Asia, Tajikistan, South-Western Pamir, Ishkashimsky and Shakhdarinsky Ranges, 280km Traverse with Several Ascents
Ishkashimsky and Shakhdarinsky ranges, 280km traverse with several ascents. In August-September our group from the sport club of the Moscow Aviation Institute led an autonomous expedition in the South-Western Pamir. This was the first significant expedition in this region after an 11- year period of civil war and an indefinite political situation in Tajikistan. Our group consisted of myself as leader, secondary leader Sergei Fetisov, Dmitrii Pribylov, Nadezhda Obukhova, Irina Bystrova, and Marina Nikonova participated in the first part of the tour. During 34 working days we covered a 280km linear route that encompassed the Ishkashimsky and Shakhdarinsky ranges. We crossed 15 passes, and ascended the highest points of each of these regions: Peak Mayakovsky 6,096 m, Peak Armed Forces 6,138 m, and Peak Karl Marx 6,723 m. Two ascents were accomplished by classical routes: the ascent of Peak Mayakovsky from the south, by the route done by V. Budanov in 1947,3A (icy-snowy); and that of Peak Karl Marx along its western ridge, by the route done by E. Beletsky in 1946, 4B (combined). The ascents of these mountains by Soviet alpinists after the Second World War began and formed the basis of the alpinism of this region. We did the third ascent of Peak of Armed Forces (Vooruzhen- nykh Sil) (6,138 m.) in the central part of the Shakhdarinsky range. This summit was climbed only once, in 1983, by a group led by Sollonikov along a wall route from the south 5B (rock). We led a new route along the north-western slope, 3A (ice-snow).

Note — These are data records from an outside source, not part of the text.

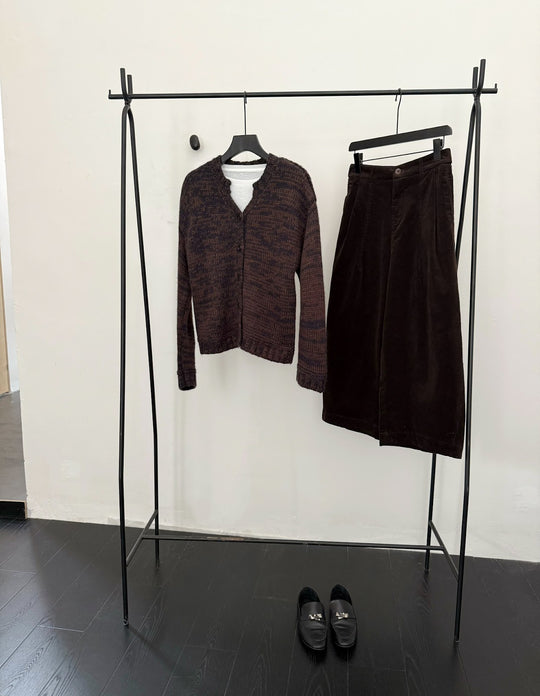 Kord-Culottes für Damen, hohe Taille, 7/8-Länge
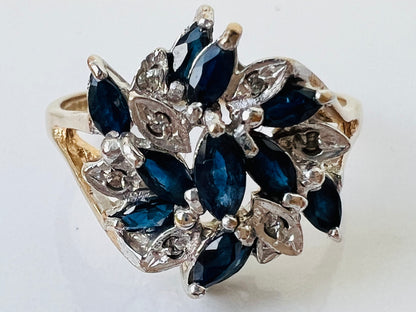 9ct Gold Sapphire & Diamond Ring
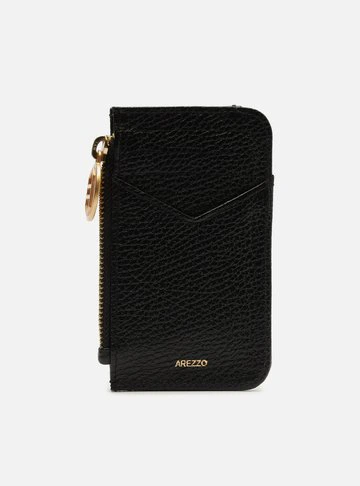 Porta-Cartão Preto Couro Bolso Zíper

The linear thread of the route traversed almost the entire South-Western Pamir from the west to the east. The route was divided into two logically complete parts, between which we descended to the Pyandzh River, to the kishlak (Central Asian village) Shitkharv, where we’d left a cache of food and fuel before we started our tour. The South-Western Pamir is distinguished by its very severe conditions of acclimatization. The overwhelming majority of passes are higher than 5,000m, and the climate is very dry and hot, and likewise there are marked altitude changes between the passes and the bottoms of the valleys, which can drop to 2,500m.
At the start of our tour we completed first traverses of two of the lowest cols in the western spurs of the Ishkashimsky range, with heights of 4,650m and 4,850m, and only after this did we come out smoothly to an altitude level higher than 5,000m. On the tenth day of our tour we overcame the technically difficult mountain pass Surprise (3A, 5,300m), in the western ridge of Peak Mayakovsky.
Our base camp for the ascent of Peak Mayakovsky was set up on the mountain pass “50 Year Anniversary of LGU” [LGU = Leningrad State University] (5,270m). After the ascent we went down into the picturesque valley of the Daraidarshai River. This is one of the few places where in our age ovrings are still used—mountain paths made on steep rock faces, with birch pickets driven into fissures in the rock face, onto which are laid stakes, branches, earth, and stones. Such a path hangs above a 100-meter abyss.
The route to Mount Armed Forces led along the unbelievably beautiful valley of the Saryshitkharv River. Here there are many canyons, the walls of which at places reach half a kilometer in height, and many mineral springs. But in the lower part of the valley are located several islands of woods, quite rare for the South-Western Pamir. Our base camp was set up below Mount Armed Forces on the Saryshitkharv glacier, at 5,300m. We reached the summit on August 22.
Crossing two moderately difficult icy passes—Medyr 5,703, in the northern rib/edge of Peak Armed Forces; and Ratseka 5,850, between Peak Luknitsky and Peak Chibud—we came out at lake Zardiv. This place is the pearl of the Shakhdarinsky range, and in my opinion one of the most beautiful places in the Pamir. If you look from the northern edge of the lake, then it appears that the mighty walls of the summits are rising straight out of the lake. The change in elevation is about two kilometers. We approached the mountainous knot of Peak Karl Marx via four passes: Yamchun 5,340 (ancient caravan route from the valley of Shakhdara to Pyandzh), Dzhentiv 5130, Tsakhinlovga 4,523, and Khodash 5,140m. In order to get to the plateau of Marx, in the upper reaches of the Nishgar glacier, we had to surmount two difficult passes in the southern spurs of the Shakhdarinsky range: Riga 5,620 and Oval’ny 5,740. From the plateau of Marx (5,550 m. base camp), we began our ascent of Peak Karl Marx, which we summated on September 3. The final mountain pass on our route was the Nishgar pass 3A 5,750—the descent from the plateau of Marx towards the north. We crossed over icefall of the Khatsak glacier, in the end we saw the two-kilometer walls of the peaks Karl Marx and Engels. The next day the poor weather caught up with us and the peaks were hidden in leaden-colored clouds.